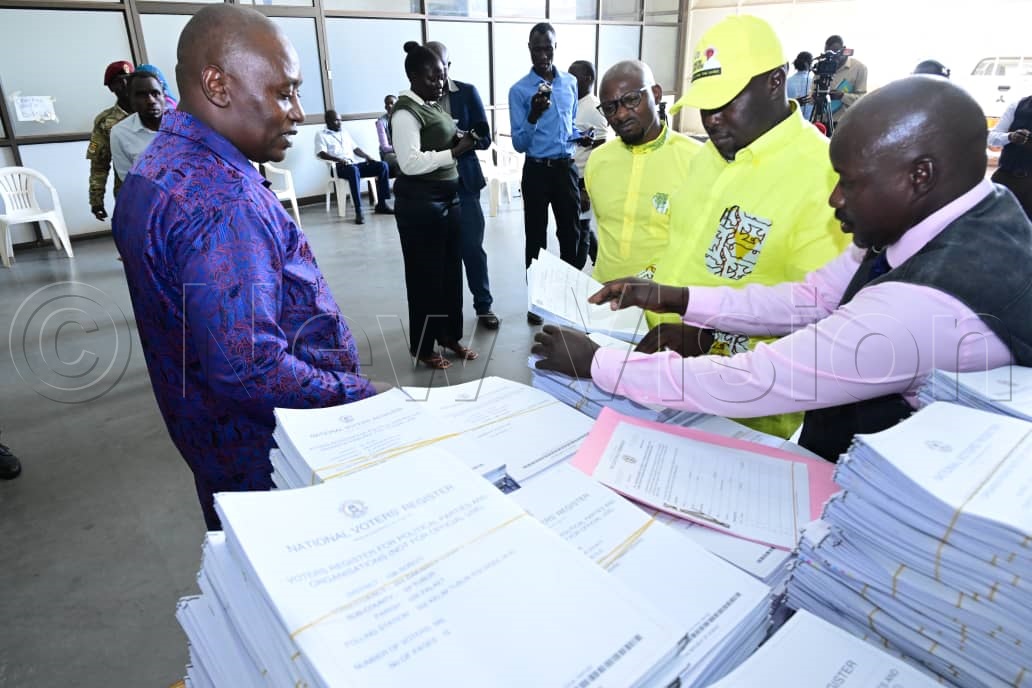 NRM secretary general, Richard Todwong, receiving the hard copies of the national voters register from the Electoral Commission (EC) headquarters in Kampala, ahead of polling day. (Credit: Mpalanyi Ssentongo)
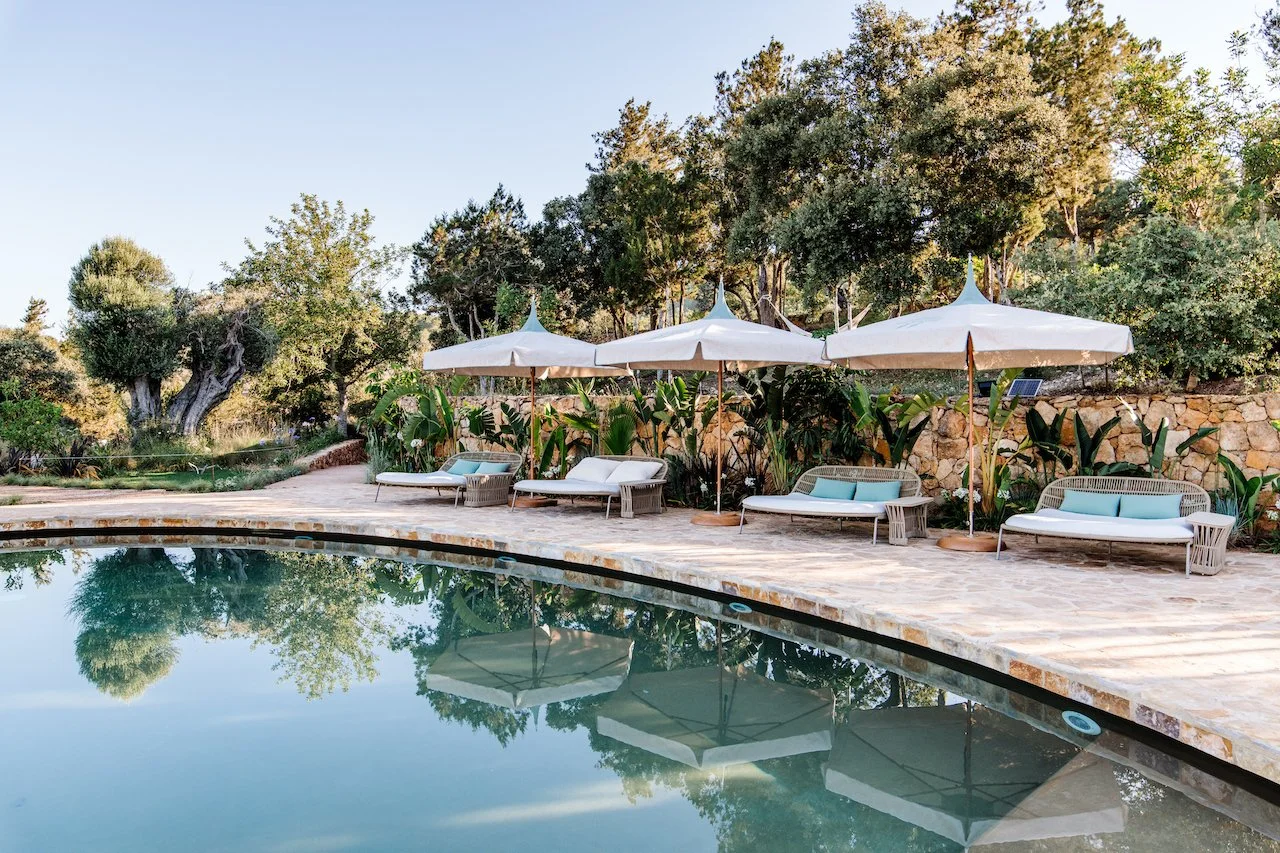 Poolside lounge chairs with umbrellas along a stone patio, surrounded by greenery and trees, reflecting in the water.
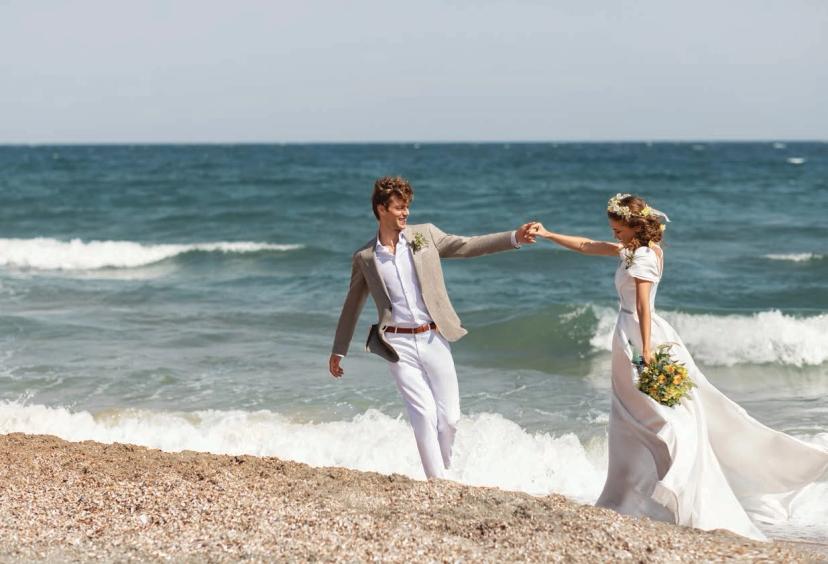 husband and wife at the beach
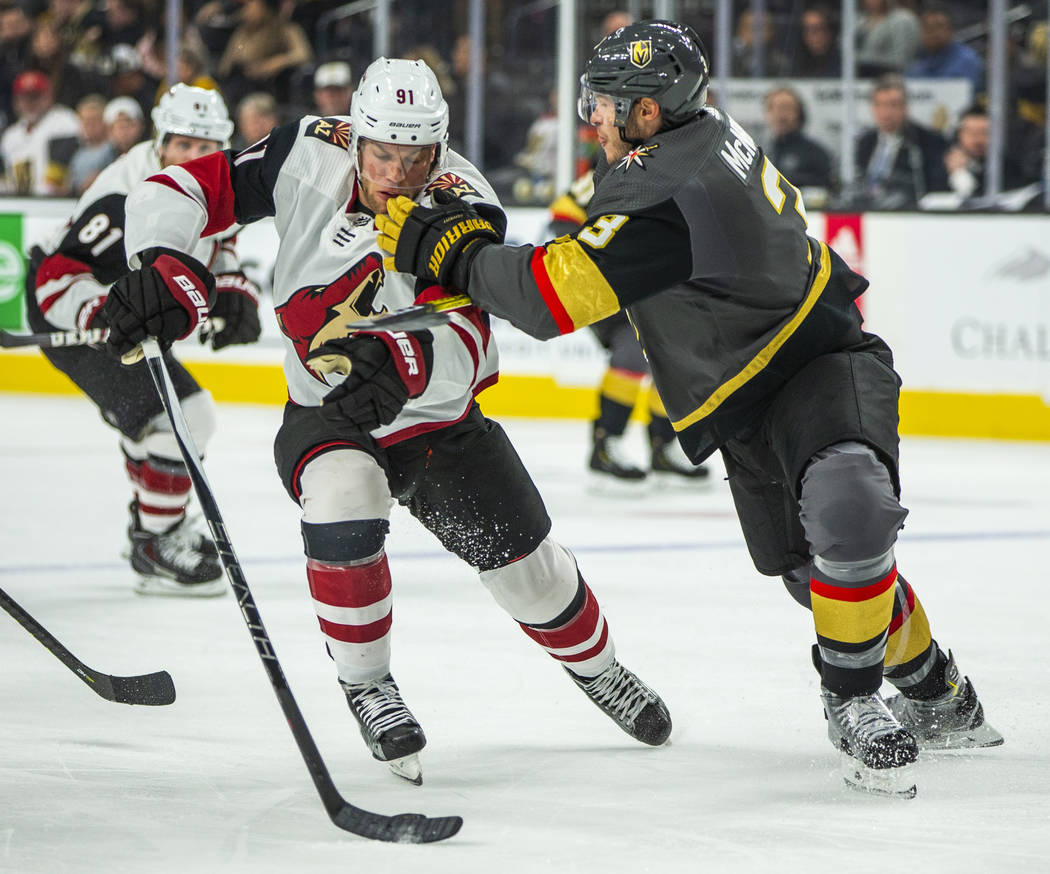 Arizona Coyotes left wing Taylor Hall (91, left) takes a shot from Vegas Golden Knights defense ...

Exercise instructions: Your reply should consist solely of the lines from the one containing "Poolside lounge chairs" through the last line of the material, reproduced exactly and without pictures.

Completed exercise:
 Poolside lounge chairs with umbrellas along a stone patio, surrounded by greenery and trees, reflecting in the water.
 husband and wife at the beach
 Arizona Coyotes left wing Taylor Hall (91, left) takes a shot from Vegas Golden Knights defense ...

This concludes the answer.